#### [Work to complete]
All of the records are to be copied out exactly, with nothing left out.

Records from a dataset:

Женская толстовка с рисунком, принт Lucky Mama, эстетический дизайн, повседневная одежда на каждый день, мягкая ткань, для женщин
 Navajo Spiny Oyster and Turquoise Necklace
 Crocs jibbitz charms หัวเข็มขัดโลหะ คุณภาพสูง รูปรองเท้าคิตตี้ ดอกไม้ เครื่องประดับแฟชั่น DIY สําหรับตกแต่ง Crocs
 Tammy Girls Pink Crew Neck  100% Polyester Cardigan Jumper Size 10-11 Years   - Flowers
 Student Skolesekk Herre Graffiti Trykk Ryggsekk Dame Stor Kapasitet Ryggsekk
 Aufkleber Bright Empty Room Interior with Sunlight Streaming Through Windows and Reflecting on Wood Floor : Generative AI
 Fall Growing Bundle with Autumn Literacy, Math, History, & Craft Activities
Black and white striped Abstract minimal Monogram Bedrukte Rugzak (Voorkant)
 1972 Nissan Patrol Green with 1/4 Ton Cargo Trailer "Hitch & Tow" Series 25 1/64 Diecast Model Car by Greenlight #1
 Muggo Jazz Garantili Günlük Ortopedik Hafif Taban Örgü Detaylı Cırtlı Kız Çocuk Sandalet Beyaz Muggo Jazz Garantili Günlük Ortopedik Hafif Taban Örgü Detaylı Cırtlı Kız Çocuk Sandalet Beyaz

#### [Response]
Женская толстовка с рисунком, принт Lucky Mama, эстетический дизайн, повседневная одежда на каждый день, мягкая ткань, для женщин
 Navajo Spiny Oyster and Turquoise Necklace
 Crocs jibbitz charms หัวเข็มขัดโลหะ คุณภาพสูง รูปรองเท้าคิตตี้ ดอกไม้ เครื่องประดับแฟชั่น DIY สําหรับตกแต่ง Crocs
 Tammy Girls Pink Crew Neck  100% Polyester Cardigan Jumper Size 10-11 Years   - Flowers
 Student Skolesekk Herre Graffiti Trykk Ryggsekk Dame Stor Kapasitet Ryggsekk
 Aufkleber Bright Empty Room Interior with Sunlight Streaming Through Windows and Reflecting on Wood Floor : Generative AI
 Fall Growing Bundle with Autumn Literacy, Math, History, & Craft Activities
Black and white striped Abstract minimal Monogram Bedrukte Rugzak (Voorkant)
 1972 Nissan Patrol Green with 1/4 Ton Cargo Trailer "Hitch & Tow" Series 25 1/64 Diecast Model Car by Greenlight #1
 Muggo Jazz Garantili Günlük Ortopedik Hafif Taban Örgü Detaylı Cırtlı Kız Çocuk Sandalet Beyaz Muggo Jazz Garantili Günlük Ortopedik Hafif Taban Örgü Detaylı Cırtlı Kız Çocuk Sandalet Beyaz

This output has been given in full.